Decision making is not an easy process. While everyone sometimes makes a bad decision many of us just keep making wrong decisions each and every day. Have you ever wondered why we keep repeating the same mistakes? This post (and infographic) features 20 cognitive biases that may hinder your decision making process.

1. Anchoring bias

We often rely on the first information we hear. So one needs to be very careful not only when negotiating salaries but also – for instance - when talking to patients (doctors should really follow this advice :) as it may be very easy to do harm if the patient was first informed that about 80% of people with the same disorder usually die within a year or so while in the end further tests reveal that the patient was actually suffering from something else.

2. Availability heuristic

We tend to overestimate the importance of information we hear. This is why heavy drinkers or smokers often argue with their doctors about negative effects of heavy drinking/smoking on their health claiming that their grandfather died peacefully at the age of 102 in spite of the fact that he drank 2 bottles of wine a day or smoked 60 cigarettes a day.

3. Bandwagon effect

People tend to follow other people. In a meeting this means that the more people have the same opinion the more people will tend to adopt it, as well. Group thinking may be one of the reasons why meetings are such a waste of time.

4. Blind-spot bias

It is much easier to watch the others and recognize what they do well (or not) than to actually recognize one's own cognitive biases.

5. Choice-supportive bias

We tend to stick to choices we made although they might have been completely wrong. For instance you may think that your colleague is a great doctor even if you often need to adjust medication doses prescribed by him/her to avoid overdose.

6. Clustering illusion

Do you often see patterns in random events? Then you might be suffering from clustering illusion, which is one of the main reasons doctors sometimes make bad decisions after seeing lots of patients with the same disease (they think that the symptoms are similar and follow a certain pattern, while in reality it is far from being true).

7. Confirmation bias

Confirmation bias means that we only listen to information that confirm our preconceptions. People suffering from this bias tend to be terrible teachers, scientists or doctors.

8. Conservatism bias

Sometimes we tend to stick with prior evidence and do things we always have been doing. We are slow to accept that cholesterol might actually not be so bad for our heart as we used to be taught that it should be avoided at all cost if we wanted to decrease a risk of having a heart attack.

9. Information bias

Information overload is a reality and we sometimes search for more information on a topic although we actually do not need to do so. Too much information then harms our decision making capability.

10. Ostrich effect

Ostrich likes to hide their head in the sand if he fears or does not like something. We, humans, tend to act in the similar way when making decisions. But ignoring negative or dangerous information will lead us nowhere and the decision will still have to be made.

11. Outcome bias

Many people base their decisions on past outcomes.

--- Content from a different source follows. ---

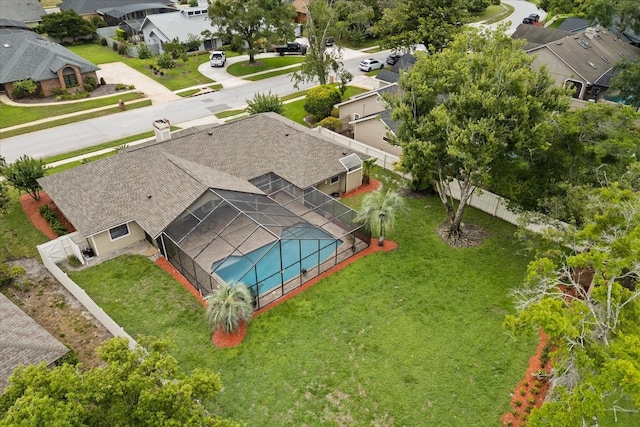 548 Timber Ridge Dr, Longwood, FL 32779 - aerial view of residential area with a pool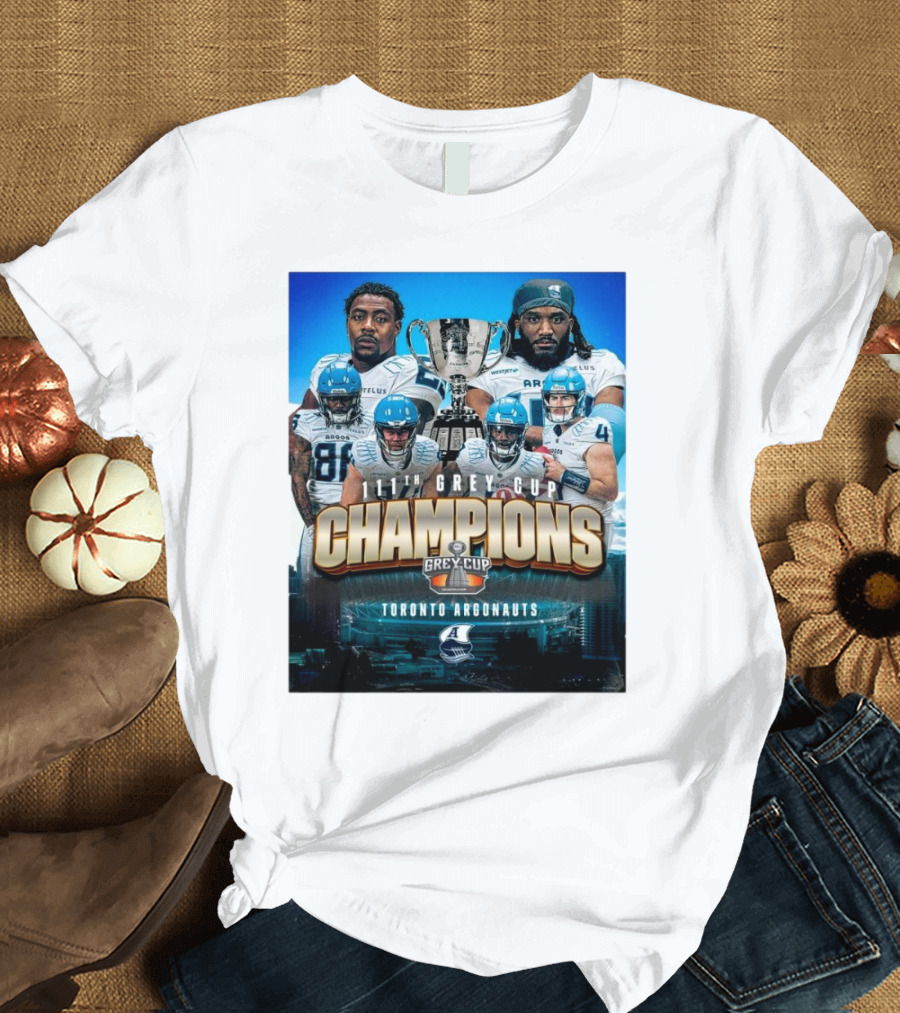 Toronto Argonauts 111th Grey Cup Champions Football Victory T-Shirt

But just because a patient survived a meningitis without being given any antibiotics does not mean that skipping antibiotics was a smart decision.

12. Overconfidence

Some people like taking great risks in their daily lives as they are over confident about their abilities. Famous doctors or scientists tend to suffer from over confidence much more than normal people as they are convinced that they are always right. However a disaster usually strikes when we get too confident.

13. Placebo effect

Placebo effect is known in medicine and it means that people believe that by taking a fake pill with no active ingredient they will experience the same results as patients given the actual medication with the active ingredient. In decision making process this bias means that we expect to get a certain effect by just believing that something we did would have such effect.

14. Pro-innovation bias

Again, scientists are frequently victim of this bias. They tend to overvalue usefulness of their inventions while undervaluing their limitations.

15. Recency bias

Sometimes we tend to value new information more than the old information. In research this may mean that doctors may stop using aspirin for fever treatment and start using NSAIDs (ignoring the fact that aspirin actually does less harm to the gut than NSAIDs).

16. Salience

People tend to focus on the most easily recognizable features. For instance when thinking about a graduation exam you may worry about not passing the exam because of the fact that you forgot your exam brochure - which is a pre-requisite for being able to take the exam – at home while statistically it is much more likely that you will not pass the exam because of the fact that you will not answer the questions correctly.

17. Selective perception

We tend to let our expectations affect our way of perception of the world. A bad guy will always expect the worst while a good guy usually expects the best.

18. Stereotyping

Sometimes we tend to expect that products have certain qualities without actually having any supporting information. Such expectations are good to identify products as useful or useless but we should not abuse or overuse this strategy.

19. Survivorship bias

Sometimes we misjudge a situation as we only make decisions based on examples made available to us. For instance you may buy a great business course, which should teach you how to earn one million bucks in a year selling products on Amazon, yet when you actually buy the course and follow the instructions you will learn that becoming rich is not that easy as you did not have all information before purchasing the course (e.g. mainly information about the majority of purchasers, who actually purchased the course and failed to earn a dime).

20. Zero-risk bias

People tend to love certainty even if it is not good for them. We think that by eliminating all risks there is no chance of any harm being caused.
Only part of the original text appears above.